- [Problem statement] Every entry is to be transcribed as it stands. Images stay out.

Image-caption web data
-*-*-
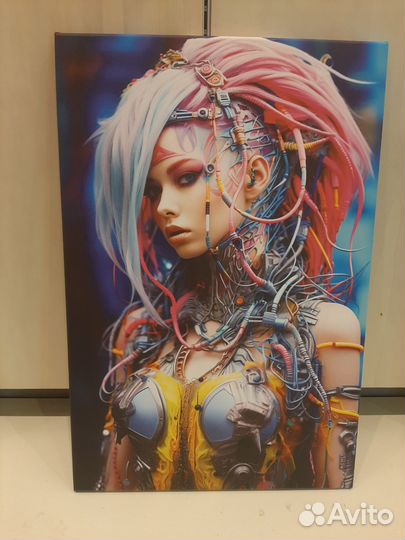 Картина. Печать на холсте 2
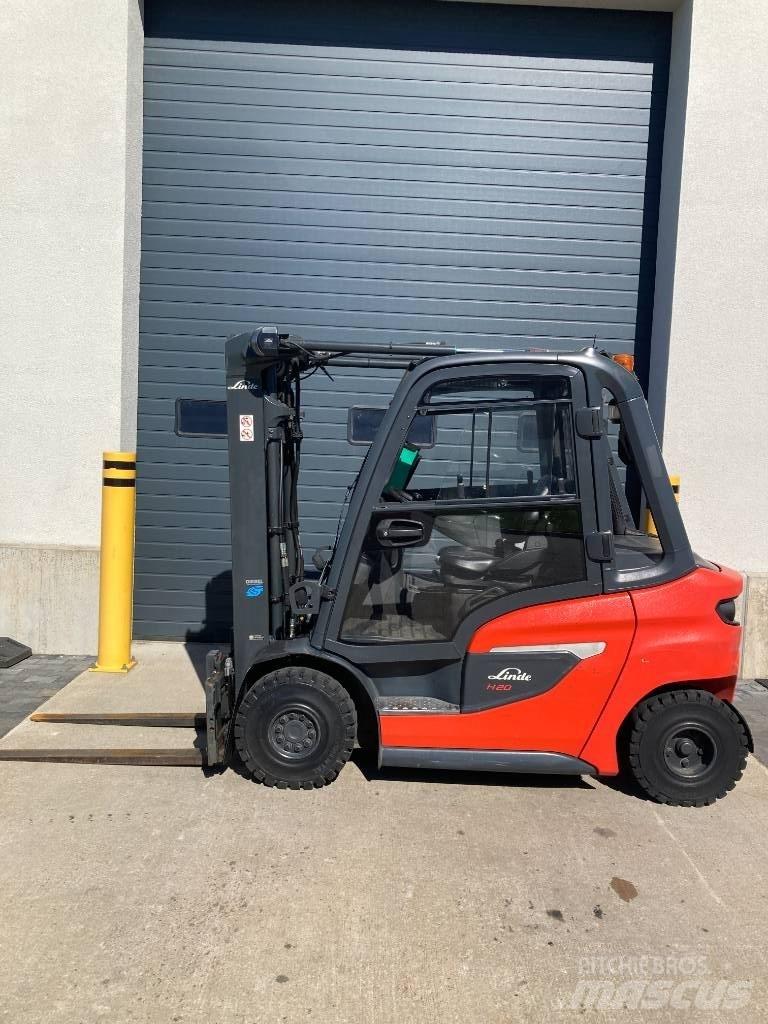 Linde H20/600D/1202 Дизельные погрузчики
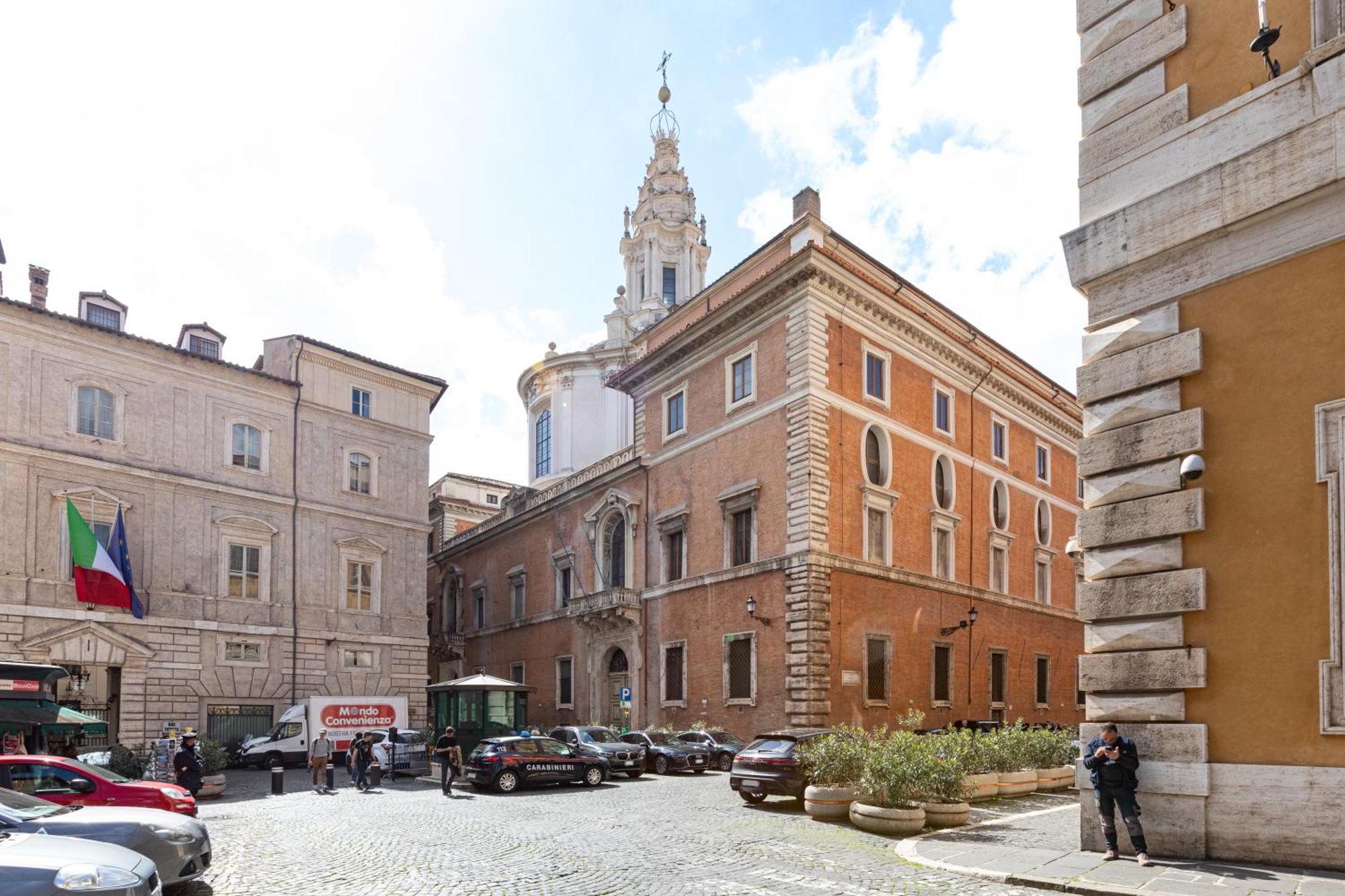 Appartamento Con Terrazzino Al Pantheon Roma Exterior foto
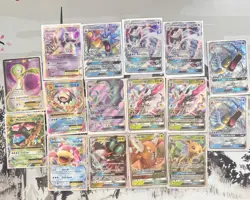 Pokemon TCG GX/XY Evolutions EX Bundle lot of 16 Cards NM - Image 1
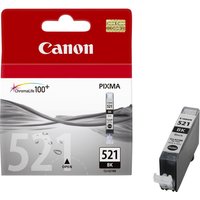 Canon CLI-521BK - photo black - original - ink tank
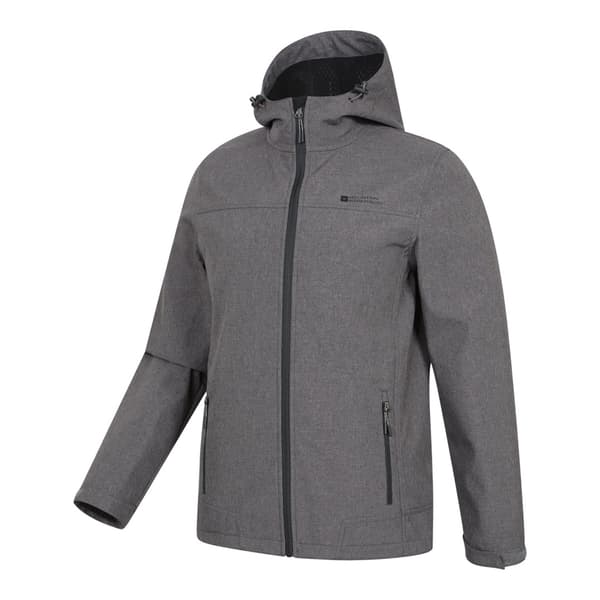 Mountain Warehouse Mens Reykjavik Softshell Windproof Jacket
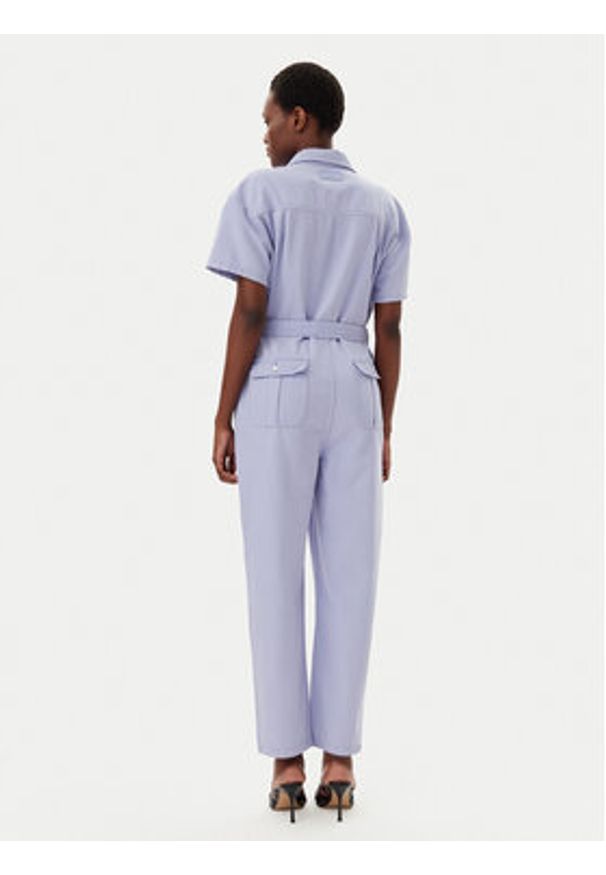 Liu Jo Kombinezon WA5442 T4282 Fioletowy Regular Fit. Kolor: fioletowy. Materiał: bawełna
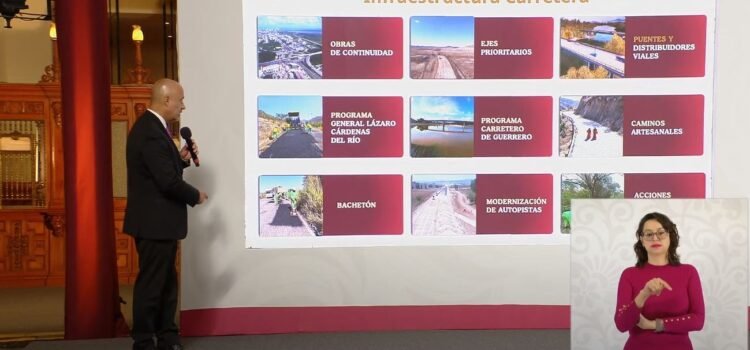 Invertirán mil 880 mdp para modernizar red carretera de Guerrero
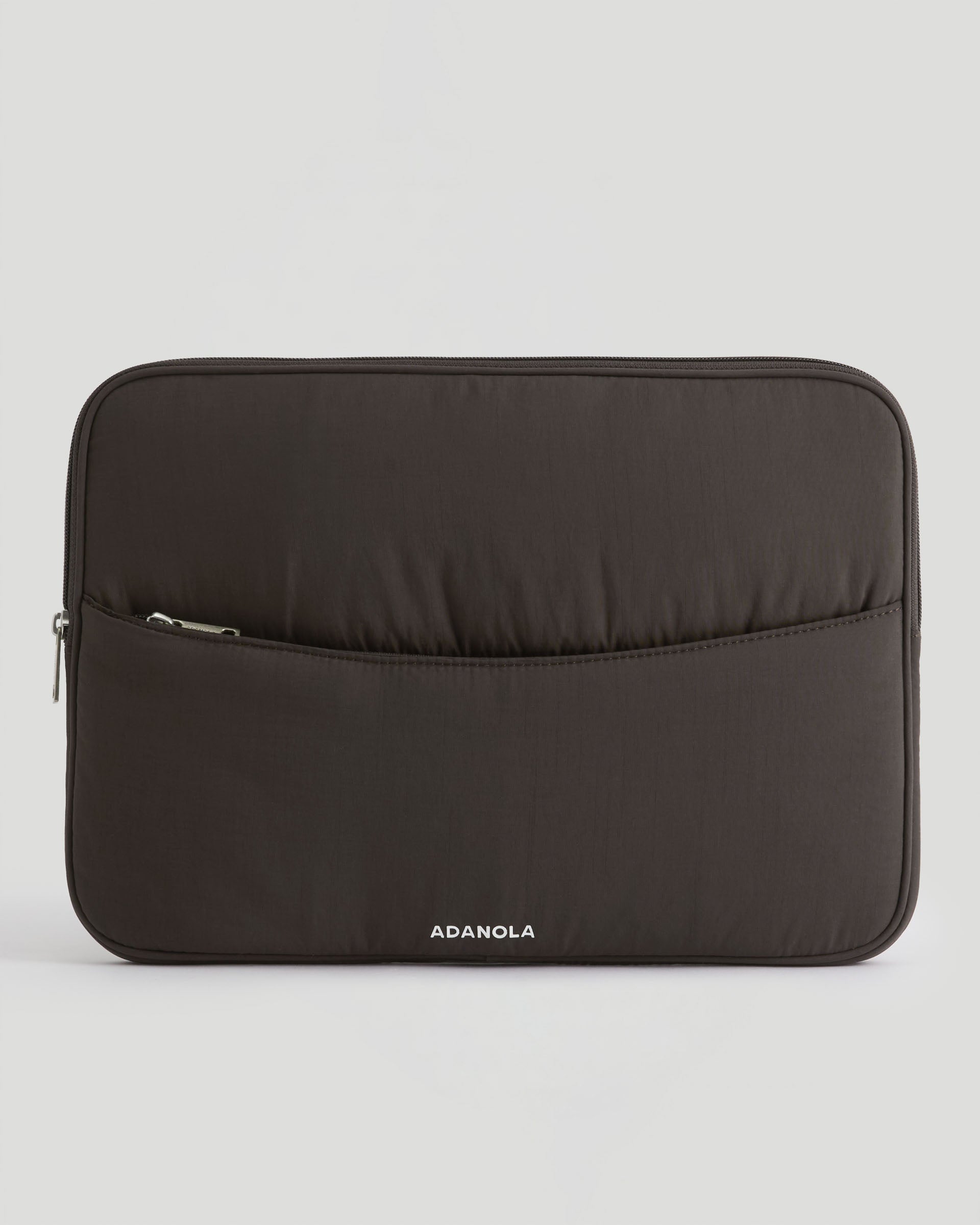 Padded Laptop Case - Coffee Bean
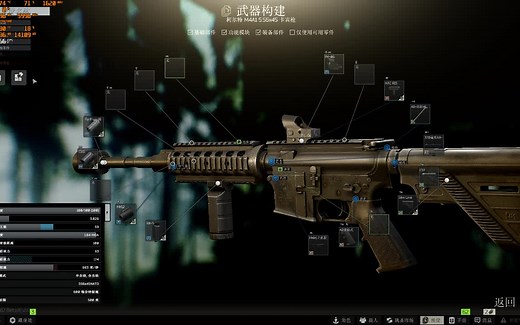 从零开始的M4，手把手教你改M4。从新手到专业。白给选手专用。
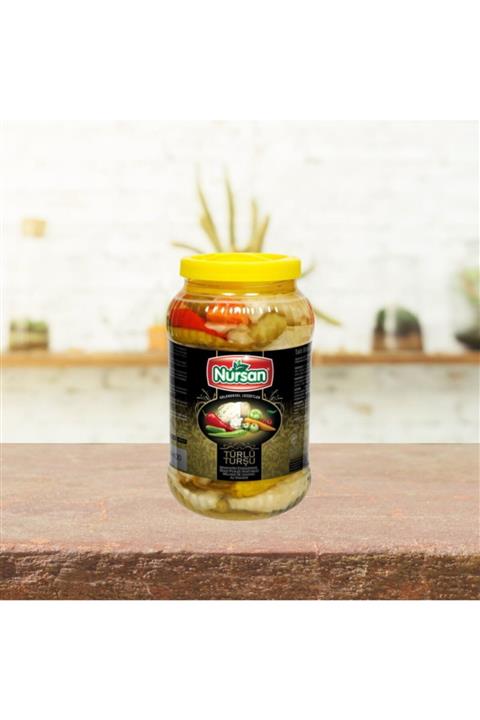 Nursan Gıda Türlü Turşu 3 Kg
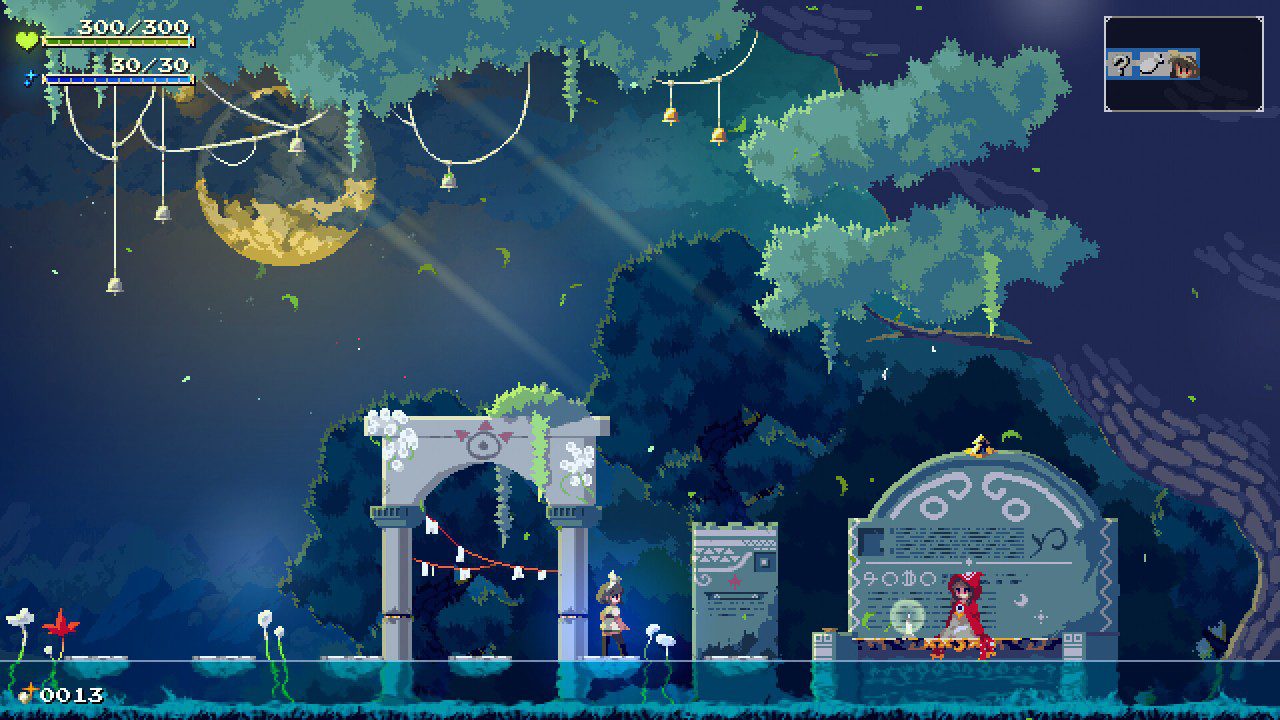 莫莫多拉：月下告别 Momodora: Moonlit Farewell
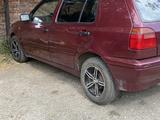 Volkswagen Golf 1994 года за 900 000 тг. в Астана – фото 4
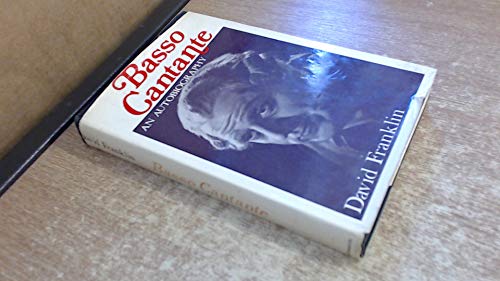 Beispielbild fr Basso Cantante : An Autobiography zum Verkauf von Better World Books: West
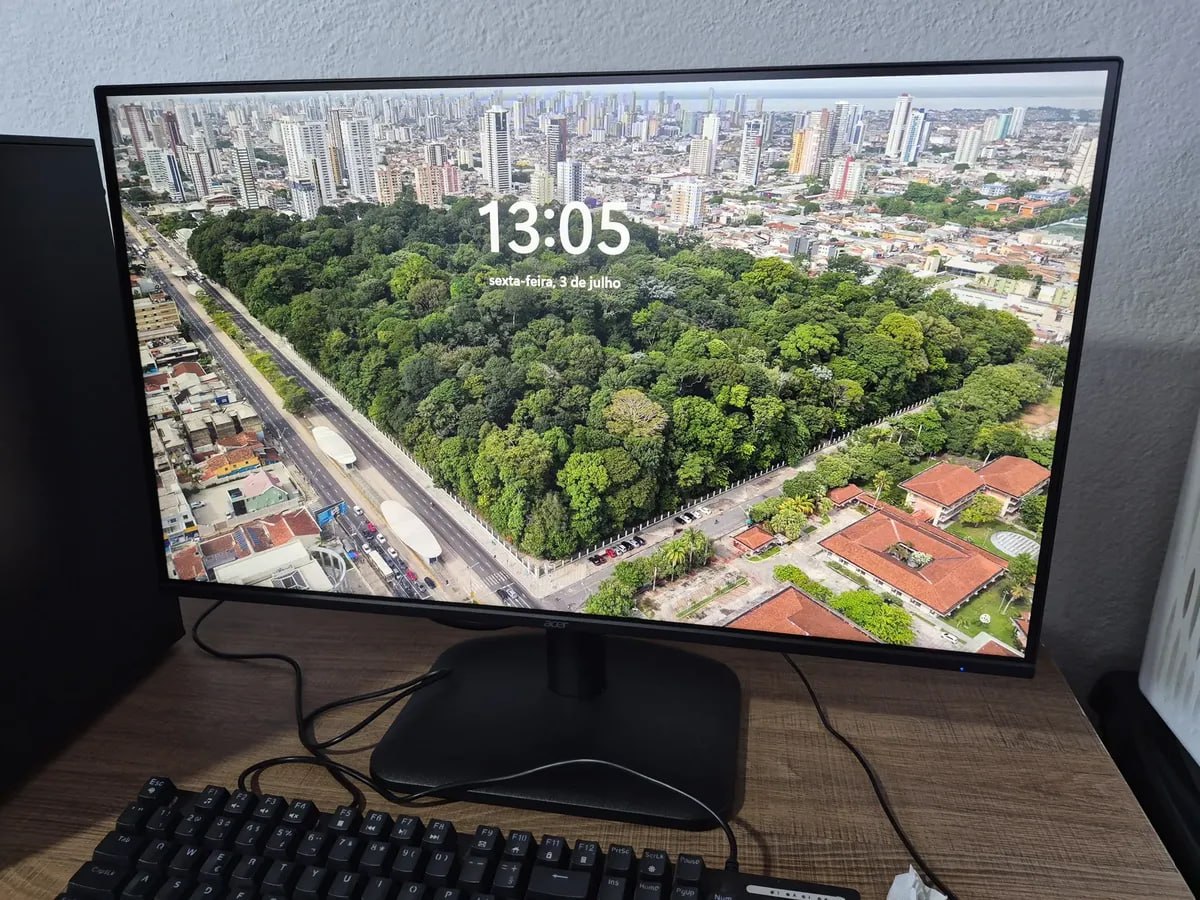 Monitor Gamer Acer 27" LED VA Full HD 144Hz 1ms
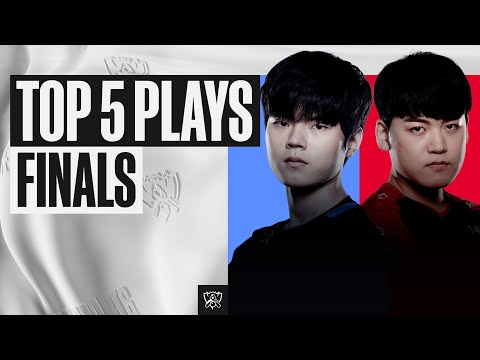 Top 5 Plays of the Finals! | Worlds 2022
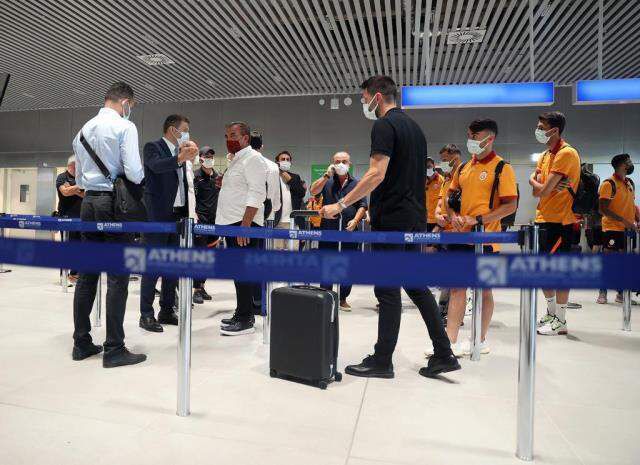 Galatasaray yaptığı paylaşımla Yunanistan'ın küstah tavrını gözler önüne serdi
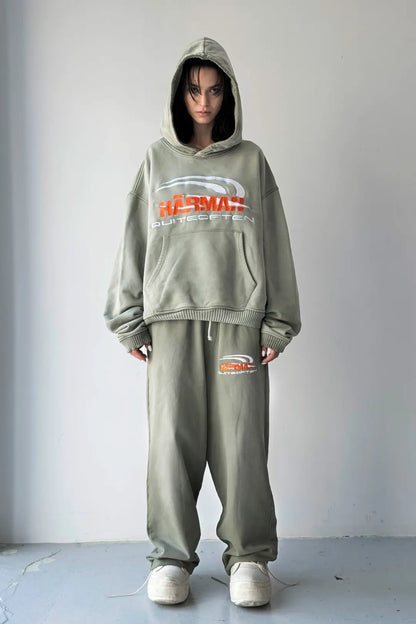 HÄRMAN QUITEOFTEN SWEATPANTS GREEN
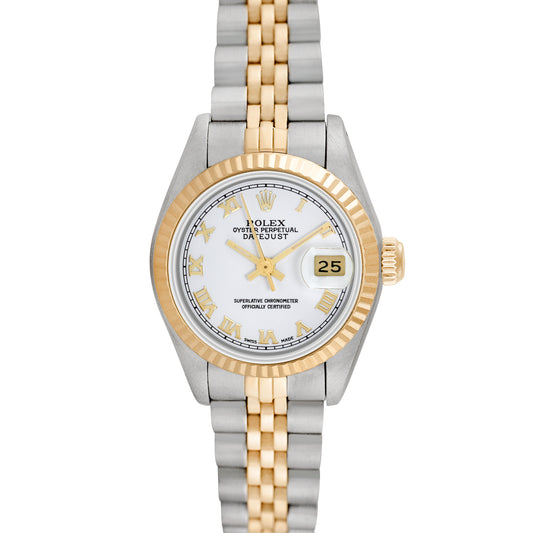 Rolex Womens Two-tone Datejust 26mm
-*-*-
- [Result of the task]
 Картина. Печать на холсте 2
 Linde H20/600D/1202 Дизельные погрузчики
 Appartamento Con Terrazzino Al Pantheon Roma Exterior foto
 Pokemon TCG GX/XY Evolutions EX Bundle lot of 16 Cards NM - Image 1
 Canon CLI-521BK - photo black - original - ink tank
 Mountain Warehouse Mens Reykjavik Softshell Windproof Jacket
 Liu Jo Kombinezon WA5442 T4282 Fioletowy Regular Fit. Kolor: fioletowy. Materiał: bawełna
 Invertirán mil 880 mdp para modernizar red carretera de Guerrero
 Padded Laptop Case - Coffee Bean
 从零开始的M4，手把手教你改M4。从新手到专业。白给选手专用。
 Nursan Gıda Türlü Turşu 3 Kg
 莫莫多拉：月下告别 Momodora: Moonlit Farewell
 Volkswagen Golf 1994 года за 900 000 тг. в Астана – фото 4
 Beispielbild fr Basso Cantante : An Autobiography zum Verkauf von Better World Books: West
 Monitor Gamer Acer 27" LED VA Full HD 144Hz 1ms
 Top 5 Plays of the Finals! | Worlds 2022
 Galatasaray yaptığı paylaşımla Yunanistan'ın küstah tavrını gözler önüne serdi
 HÄRMAN QUITEOFTEN SWEATPANTS GREEN
 Rolex Womens Two-tone Datejust 26mm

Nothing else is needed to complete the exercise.